24/02/2026
I giorni di febbraio sono stati meravigliosamente intensi,
tessuti di presenza, ascolto e trasformazione.
Per prima cosa, il mio inchino va alle donne e agli uomini medicina:
Ludivia Bueno, Jate Kukchavita, José Humberto Vittorino, joha e Fernando
la abuelita Arusa Pacha, Caro Echeverry, Klau Ramírez, Diego García…
grazie per essere stati canali di luce, amore e guarigione,
per aver custodito lo spazio sacro con saggezza e cuore aperto.
Il nostro quarto ritiro italo-francese è stato, semplicemente, straordinario.
In ogni gesto, in ogni silenzio, in ogni respiro condiviso,
si percepiva l’amore muovere invisibile le trame del cammino.
Grazie, Pavi, e a tutta la squadra di cucina,
per averci nutriti con cibo sano, vivo e delizioso,
trasformando ogni pasto in un atto di cura e benedizione.
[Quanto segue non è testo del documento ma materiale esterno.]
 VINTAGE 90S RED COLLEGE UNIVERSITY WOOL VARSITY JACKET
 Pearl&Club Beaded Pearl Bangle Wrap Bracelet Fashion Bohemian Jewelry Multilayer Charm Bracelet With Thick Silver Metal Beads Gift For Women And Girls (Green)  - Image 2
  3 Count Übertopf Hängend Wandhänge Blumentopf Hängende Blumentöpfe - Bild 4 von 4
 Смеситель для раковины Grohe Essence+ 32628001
Grazie, Ana, per essere stata estensione di casa,
abbraccio discreto e presenza rassicurante.
Grazie, Juan, per la tua prontezza e disponibilità
nel risolvere ogni emergenza con generosità e calma.
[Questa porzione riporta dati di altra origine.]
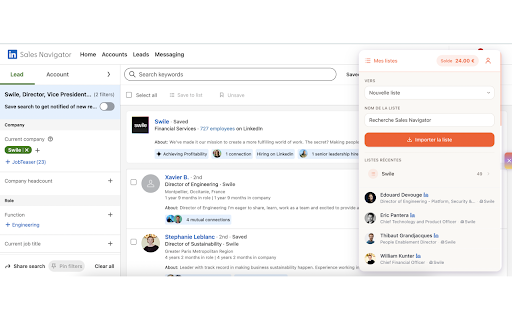 Listar :: Verified emails and phone numbers on LinkedIn, Facebook, Malt, Doctolib. Export your LinkedIn searches and Sales Navigator lists.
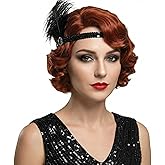 H&Bwig Short Red 20s Wigs for Women Natural Finger Wave Synthetic Hair Wig for Women Lady Ladies Cosplay Anime Party Costume Anime Flapper Wig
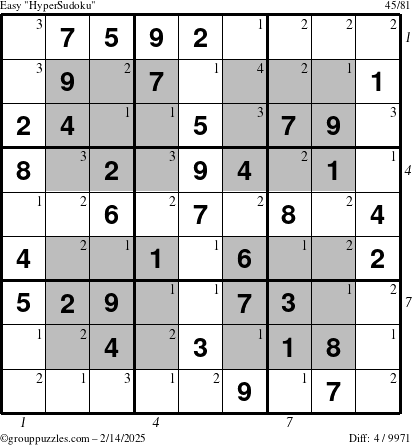 The grouppuzzles.com Easy HyperSudoku puzzle for Friday February 14, 2025 with all 4 steps marked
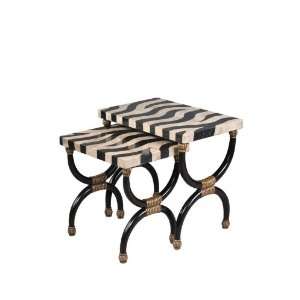   Zebra Nested Tables (Set of 2)   Stein World 80938: Furniture & Decor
Grazie, don Jorge, per averci trasportati in sicurezza,
custodendo i nostri passi lungo il cammino.
Grazie, Cota, Nathaly e Valentina,
per il canto e la musica che hanno aperto i cuori e sollevato l’anima.
Grazie, Casa Siembra,
per l’amore offerto senza misura, senza condizioni, senza riserve.
Grazie, Maya, per la tua instancabile bravura nel tradurre per ore,
ponte vivo tra lingue, culture e cuori.
Grazie, Joha, per l’organizzazione della benedizione del cammino.
E infine, grazie a tutti i partecipanti,
per aver messo corpo e anima, coraggio e verità,
per esservi lasciati toccare, trasformare, ricordare chi siete.
Questo ritiro non è stato solo un incontro,
ma una memoria viva che continuerà a respirare in noi,
come un fuoco sacro che illumina il passo successivo.